Every summer, I make my lemon zucchini bread which in turn inspired these healthy zucchini lemon muffins.
I now have a version of my own healthy lemon zucchini bread too. It is 100% healthy, naturally gluten free, and will blow your mind how amazing it tastes!
Of course, my end results ended up being completely different, just like most of my healthy muffin recipes. Lighter and better for you being the name of the game!
What Makes These Muffins Healthy?
- More veggies: No one will notice they are getting an extra serving of zucchini!
- Low oil: Both zucchini and yogurt add moisture while keeping added oil to a minimum.
- Flavorful: Lemon adds a zing of flavor you are going to love!
- Wholesome: Whole wheat flour or spelt flour adds nutritious fiber that keeps you full longer and natural sweetener means you avoid a sugar crash later. You’re welcome!
- Optional topping: Makes muffins taste indulgent and doubles for a healthy dessert.
Ingredients You’ll Need
- Zucchini: Shred zucchini using medium size holes to help incorporate better with the batter. Give a gentle squeeze.
- Yogurt: Use plain yogurt or Greek yogurt with fat content 2% and higher. Non-fat yogurt lacks flavor and moisture.
- Lemon: You want to use only fresh lemon juice and zest. Bottled doesn’t taste nearly the same. Not to mention it is loaded with preservatives.
- Whole wheat or spelt flour: Please stick to these 2 flours for most favorable end result. Baking is a science, all flours are different and do not act the same.
- Oil: We use just 2 tbsp, and any mild tasting oil will work. I often use avocado oil.
- Maple syrup: Any liquid sweetener like honey, agave or brown rice syrup will work. Do not use sugar as it is dry and batter consistency will be thrown off.
- Eggs: For lift and binding, you can replace eggs with flax eggs.
- Muffin topping (optional): Rolled or quick oats, honey or maple syrup, coconut or avocado oil, lemon zest, unsweetened coconut flakes.
How to Make Healthy Lemon Zucchini Muffins
These healthy zucchini lemon muffins come together in one bowl, two if you are making the optional topping!
- Prep: Preheat oven to 350 degrees F and line muffin tin with paper liners. Alternately, use a silicone muffin pan. Shred zucchini and give it a gentle squeeze. Juice and zest lemon.

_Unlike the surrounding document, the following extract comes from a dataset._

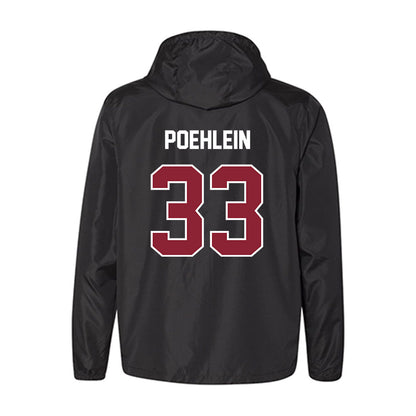 Boston College - NCAA Women's Volleyball : Isabelle Poehlein - Windbreaker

- Make muffin batter: In a large mixing bowl, add eggs, yogurt, maple syrup, oil, lemon juice, lemon zest, shredded zucchini, baking powder, baking soda, and salt; whisk well to combine. Add flour and stir gently to mix. Do not over mix which could lead to dense muffins.
- Make topping (optional): In a different smaller bowl, add all topping ingredients and stir to combine.
- Fill muffin pan and bake: Using large ice cream scoop, fill 12 openings with batter and if using the topping sprinkle that on top. Bake for 25 minutes or until toothpick inserted in the middle comes out clean.
- Cool: Remove from the oven and let muffins cool in the tin for 10 minutes before transferring onto a cooling rack to cool off more.
Suggested Variations
- Berries: Adds a light fruity flavor. You may also love these healthy lemon blueberry muffins.
- Mini muffins: Bake 12-15 minutes and do a toothpick test.
- Lemon glaze: Omit topping and try this simple glaze from healthy lemon poppy seed bread!
- Almonds: Stir in sliced almonds or chopped walnuts for the crunch.
- Poppy seeds: Pair well with anything lemon! You may also love these healthy lemon poppy seed muffins.
Tips for Best Results
- Whisk well, but stir soft: This tip applies to this muffin and others! Whisk your wet ingredients well or briskly to ensure all your baking staples are dissolved but once you add your flour or other add-ins fold gently. This ensures light and airy baked goods!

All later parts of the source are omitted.